Some of the most valuable courses I took while I was in school were so because, in addition to learning a specific body of content (and having it taught well), I picked up something extra along the way that turned out to be just as cool or valuable as the course material itself. Examples:

- I was a psychology major at the beginning of my undergraduate years and made it into the senior-level experiment design course as a sophomore. In that course I learned how to use SPSS (on an Apple IIe!). That was an “extra” that I really enjoyed, perhaps moreso than the experiment I designed. (I wish I still knew how to use it.)
- In my graduate school differential geometry class (I think that was in 1995), we used Mathematica to plot torus knots and study their curvature and torsion. Learning Mathematica and how to use it for mathematical investigations were the “something extra” that I took from the course. Sadly, the extras have outlived my knowledge of differential geometry. (Sorry, Dr. Ratcliffe.)
- In the second semester of my graduate school intro abstract algebra class, my prof gave us an assignment to write a computer program to calculate information about certain kinds of rings. This was a small assignment in a class full of big ideas, but I had to go back and re-learn my Pascal in order to write the program, and the idea of writing computer programs to do algebra was a great “extra” that again has stuck with me.

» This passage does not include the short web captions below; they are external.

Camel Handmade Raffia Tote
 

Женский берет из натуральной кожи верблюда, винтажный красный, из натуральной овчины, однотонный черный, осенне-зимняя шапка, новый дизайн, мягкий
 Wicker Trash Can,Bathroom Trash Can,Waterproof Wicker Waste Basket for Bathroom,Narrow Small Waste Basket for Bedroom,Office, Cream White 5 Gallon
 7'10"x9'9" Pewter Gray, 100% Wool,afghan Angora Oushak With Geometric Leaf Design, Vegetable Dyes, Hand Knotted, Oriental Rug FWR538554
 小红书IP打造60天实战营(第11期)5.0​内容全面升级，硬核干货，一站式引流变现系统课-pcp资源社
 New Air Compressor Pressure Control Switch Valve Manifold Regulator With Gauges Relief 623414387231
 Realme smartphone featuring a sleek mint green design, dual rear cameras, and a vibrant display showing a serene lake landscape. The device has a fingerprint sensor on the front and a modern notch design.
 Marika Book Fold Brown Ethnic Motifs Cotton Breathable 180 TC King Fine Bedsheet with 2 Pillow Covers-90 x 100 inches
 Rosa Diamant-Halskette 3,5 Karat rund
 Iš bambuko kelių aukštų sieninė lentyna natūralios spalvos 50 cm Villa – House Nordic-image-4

Today I really like to build in an “extra”, usually having something to do with technology, into every course I teach. In calculus, my students learn Winplot, Excel, and Wolfram|Alpha as part of the course. In linear algebra this year I am introducing just enough MATLAB to be dangerous. I use Geometers Sketchpad in my upper-level geometry class, and one former student became so enamored with the software that he started using it for everything, and is now considered the go-to technology person in the school where he teaches. In an independent study I am doing with one of my students on finite fields, I’m having him learn SAGE and do some programming with it. These “extras” often provide an element of fun and applicability to the material, which might be considered dry or monotonous if it’s the only thing you do in the class.

What kinds of “extras” were standouts for you in your coursework? If you’re a teacher, what kinds of “extras” are you using, or would you like to use, in your classes?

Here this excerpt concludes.